I’m a little late to the party on this, but I felt it worth mentioning anyway…
Rhea Wheeler (the Houston entrepreneur-cum-restauranteur responsible for the award-winning Ibiza) is opening a “mixed-use” restaurant in Midtown that will include — among other things — private wine lockers, an upscale restaurant, a club and a sushi bar. While that should be interesting in and of itself, what really intrigues me is the location.
No, it’s not new construction! I know — unheard of! It’s…wait for it…in the old Boy Scout headquarters on Bagby. No news yet on what the restaurant will be called, but I’m giddy with anticipation.
The real estate and development hawks over at Swamplot have additional details here: Secret Midtown Boy Scout Sushi Location Revealed. The headline itself just makes me giggle.
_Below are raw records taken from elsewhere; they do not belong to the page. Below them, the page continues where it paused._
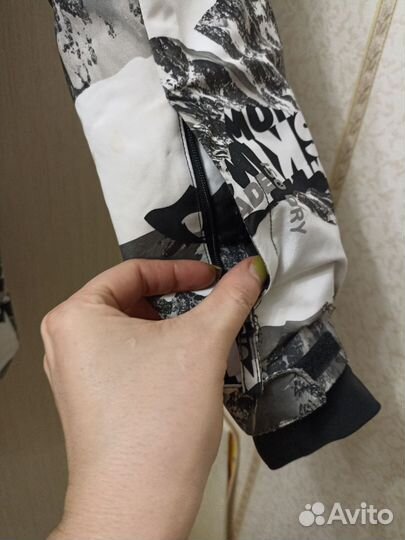 Зимняя куртка подростковая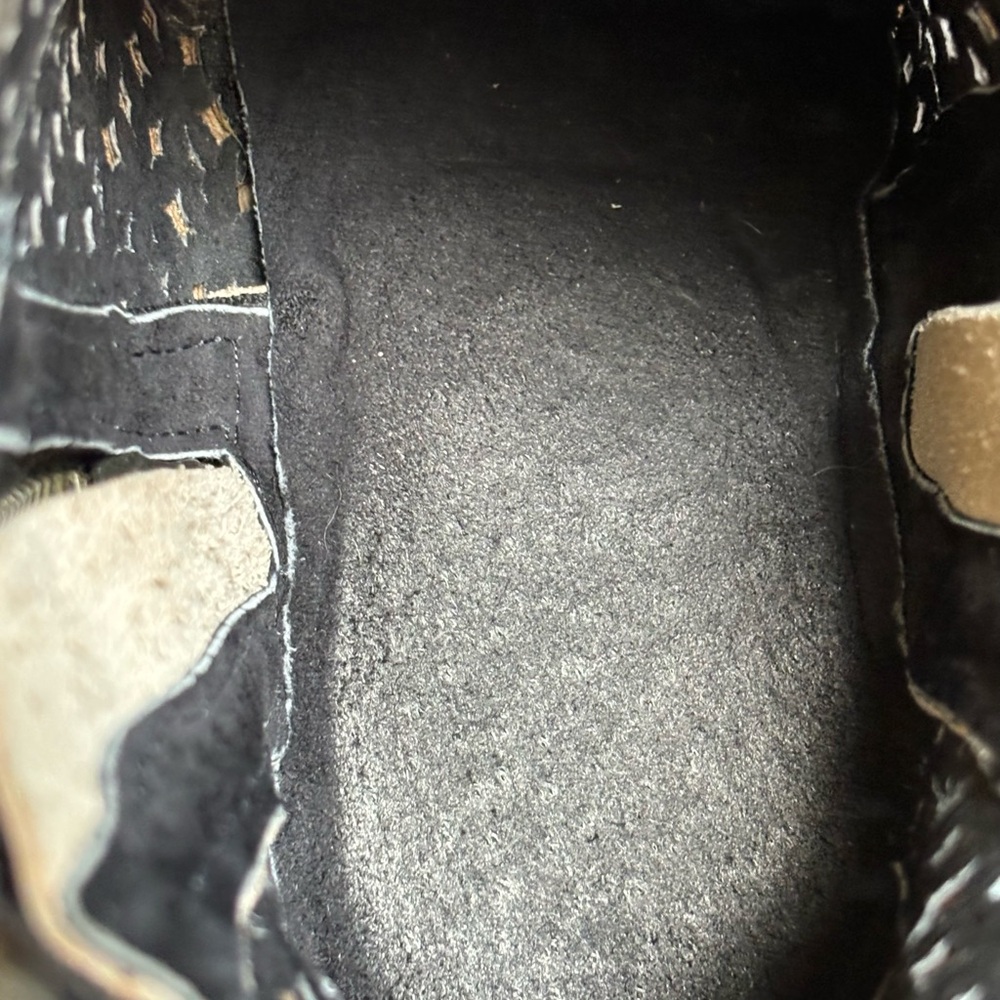 Corral Boots Circle G from Cut Out Short Black Womens Western Boots - Picture 8 of 12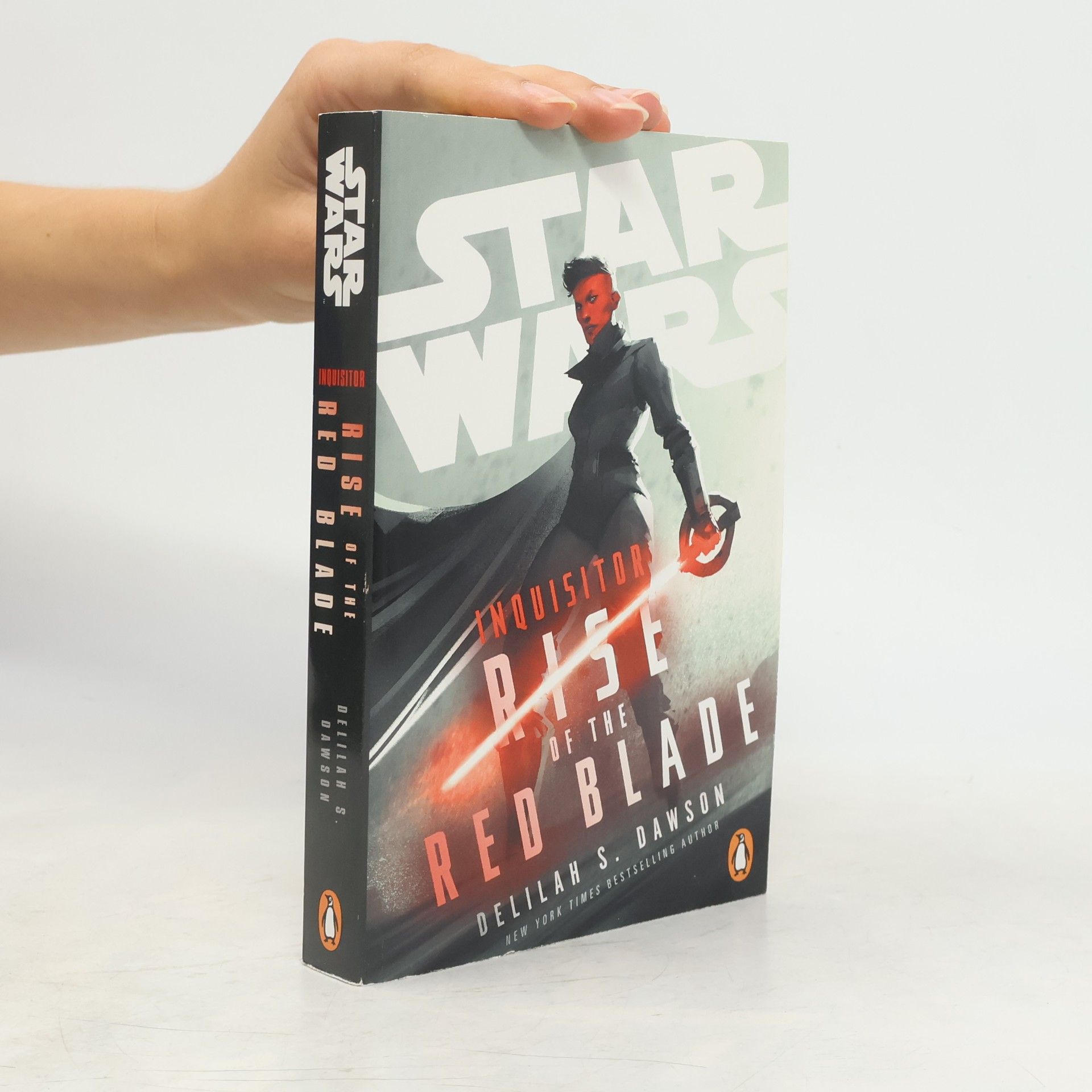 Delilah S. Dawson Star Wars Inquisitor: Rise of the Red Blade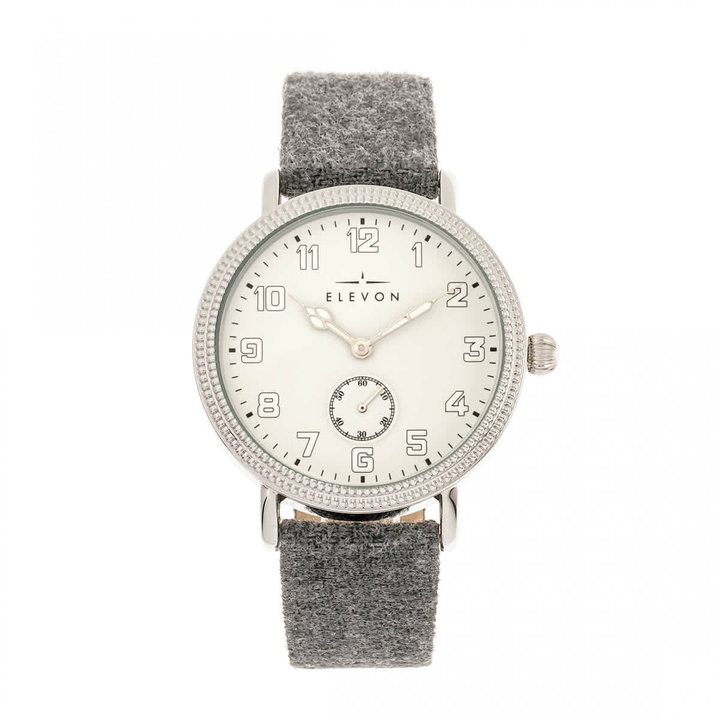 Photo: Elevon Northrop White Dial Mens Watch ELE110-1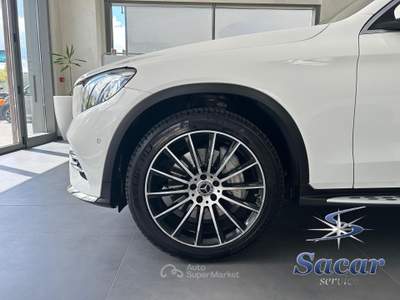 Mercedes-Benz GLC GLC 250 d Premium 4matic auto Bianco usata Potenza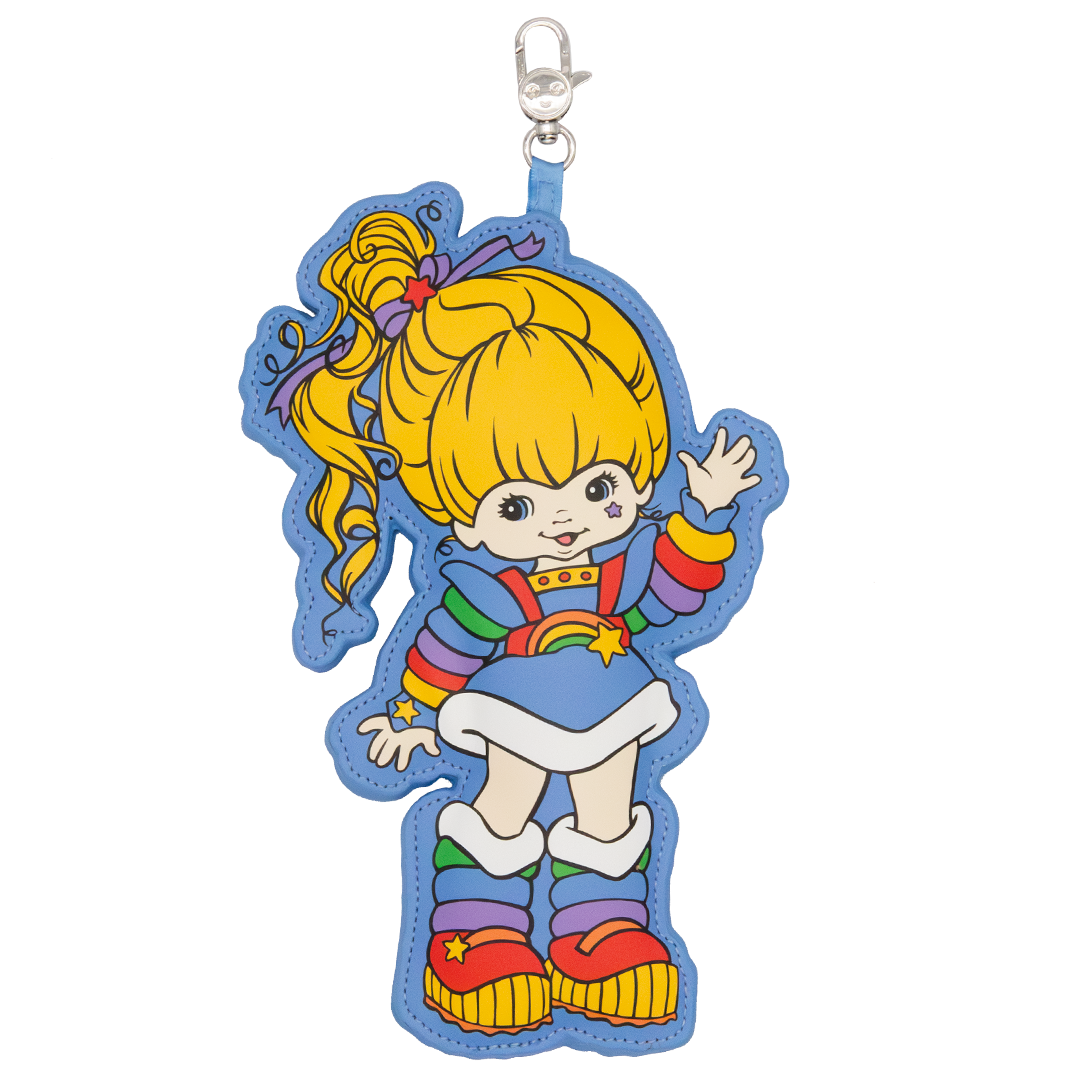 Rainbow Brite Oversized Padded Bag Charm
In addition to the mixed-use restaurant (which I’m not-so-secretly and desperately hoping will be Scout-themed — can you imagine the possibilities of the staff uniforms alone??), Wheeler is also opening a downtown gastropub called Hearsay and another Midtown restaurant, to be called the White House. All three are being established in “historically significant properties,” which gives me a small hope that perhaps we won’t tear down every single structure built prior to 1980 during this building frenzy that has currently enveloped the city.
Hearsay will serve — as expected — gastropub fare, which is classic English pub fare done in a much more upscale manner and with the addition of unexpected, high-end menu items. Gastropubs began making headway in the United States in 2004 after being imported from the U.K. with great caché, the food trend equivalent of The Beatles. Houston, being a bit behind the times in most things, has been somewhat slower to cotton on. As previously noted, The Red Lion has made a feeble attempt at this trend. Let’s hope that Hearsay does a better job, because I’d love to have a quality gastropub in town.
The White House is still a bit shrouded in mystery, too. All we know at this point is that it will be located in an eponymous white mansion on Austin at Elgin and will serve “Texas cuisine,” a descriptive phrase that annoys me almost as much as the hollow “California cuisine.” We’ll see what comes of it. As for now, I’m hoping for something a bit like The Inn at Hunt Phelan in Memphis which, despite its rather dull and pedestrian website, is actually beautiful inside and out. The Inn at Hunt Phelan, a restored Civil War-era mansion, specializes in Creole/southern cuisine and their food is subtly magnificent. You might see where I’m drawing a few parallels here.
Rhea Wheeler appears to me to be almost the antithesis of Tilman Fertitta (whose vile, greedy building projects and painfully, nauseatingly gaudy yet utterly-devoid-of quality restaurants are permeating the city). Wheeler’s zeal for good food and his seemingly true appreciation for the city make me eager to support his restaurant endeavors, entirely absent of any acclaim that Ibiza has received. That is to say: even if Ibiza weren’t the huge success that it is, I love the direction that Wheeler is taking and I’ll happily follow him along the journey.